Country: Czech Republic
Birth: 1938

Josef Koudelka was born in 1938 in Boskovice, Moravia. He began photographing his family and the surroundings with a 6 x 6 Bakelite camera. He studied at the Czech Technical University in Prague (CVUT) between 1956 and 1961, receiving a Degree in Engineering in 1961. He staged his first photographic exhibition the same year. Later he worked as an aeronautical engineer in Prague and Bratislava.

He began taking commissions from theatre magazines, and regularly photographed stage productions at Prague's Theatre Behind the Gate on a Rolleiflex camera. In 1967, Koudelka decided to give up his career in engineering for full-time work as a photographer.

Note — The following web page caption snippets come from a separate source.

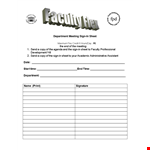 Department Meeting Sign-In Sheet Template example document template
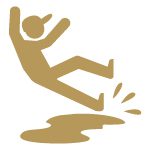 Gold icon of a young person slipping on a puddle.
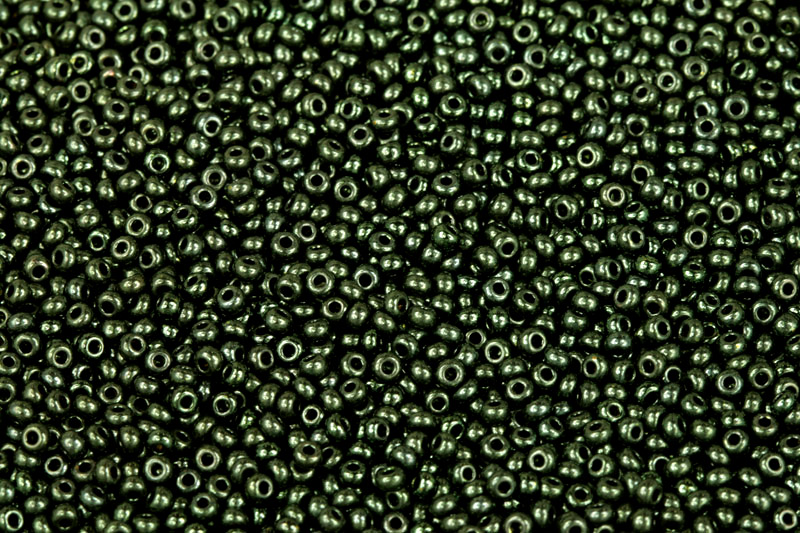 PRECIOSA rokajl 10/0 (2,2 - 2,4 mm) RH, bal. 50 g - metalická zelená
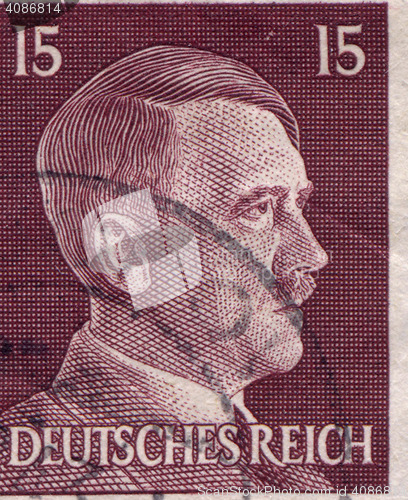 Image of GERMANY - CIRCA 1942: A stamp printed in Germany shows portrait of Adolf Hitler, circa 1942.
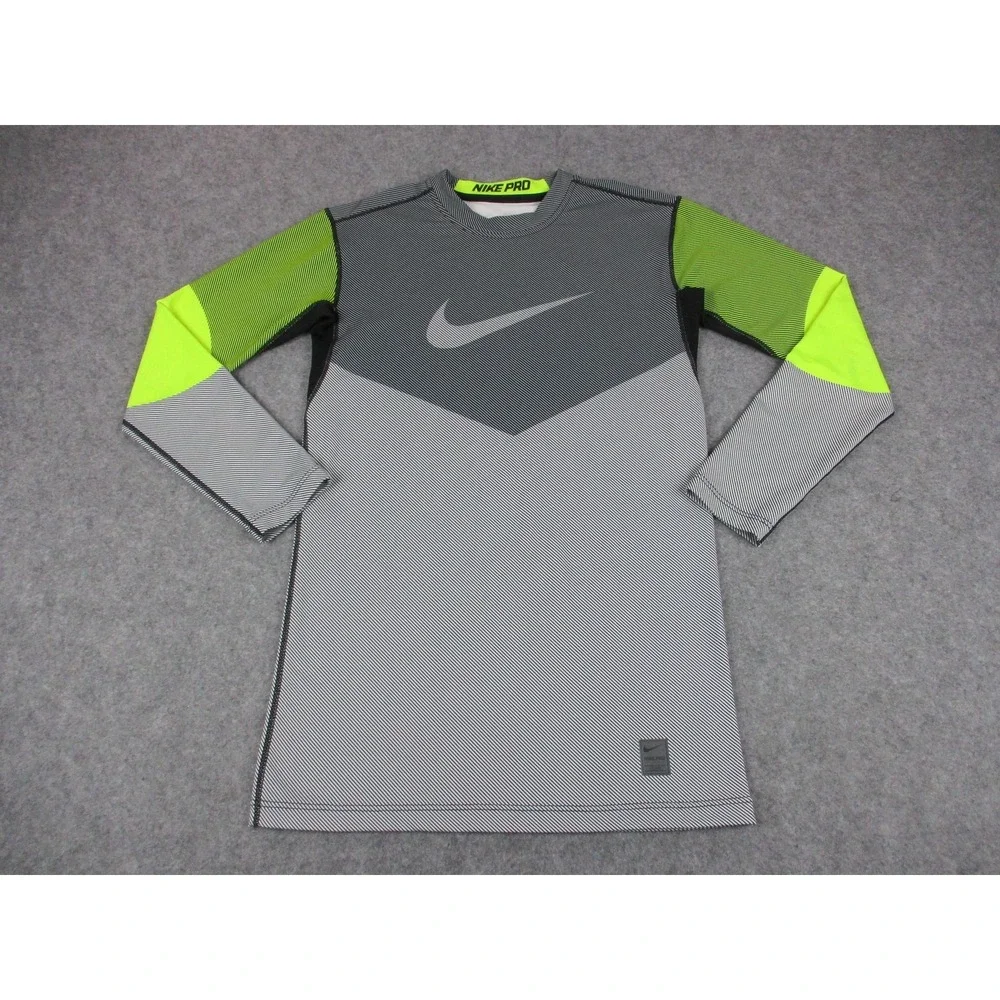Nike Pro Shirt Mens Large Gray Dri-FIT Compression Long Sleeve Running Training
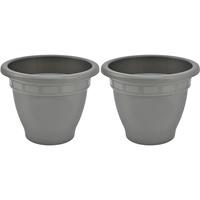 Hega Hogar 2x Grijze ronde plantenpotten/bloempotten Redonda 30 cm kunststof - Onbreekbare plantenbakken/bloembakken - Tuin decoraties
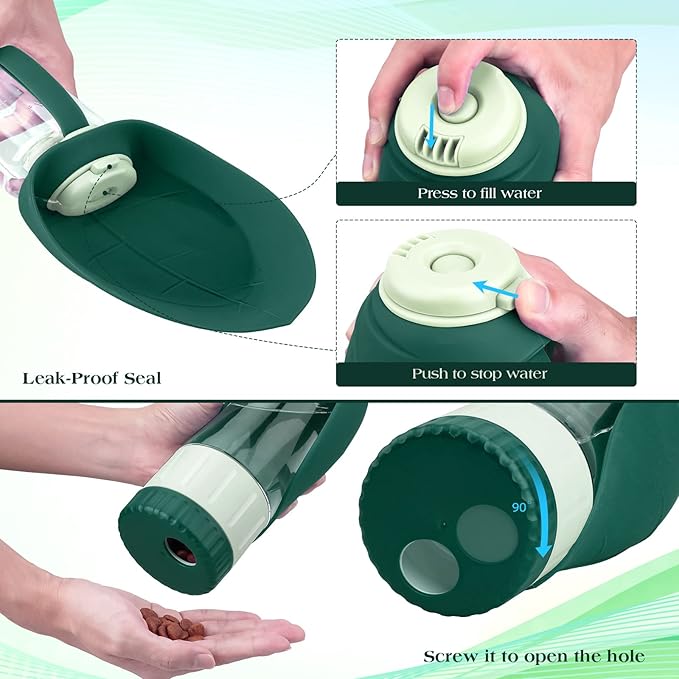 Dog Water Bottle Dispenser for Walking, Pet Water Feeder Container portable with Drinking Cup Bowl Outdoor Hiking, Travel Large Green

He had returned from a project photographing gypsies in Romania just two days before the Soviet invasion, in August 1968. He witnessed and recorded the military forces of the Warsaw Pact as they invaded Prague and crushed the Czech reforms. Koudelka's negatives were smuggled out of Prague into the hands of the Magnum agency, and published anonymously in The Sunday Times Magazine under the initials P. P. (Prague Photographer) for fear of reprisal to him and his family.

His pictures of the events became dramatic international symbols. In 1969 the "anonymous Czech photographer" was awarded the Overseas Press Club's Robert Capa Gold Medal for photographs requiring exceptional courage.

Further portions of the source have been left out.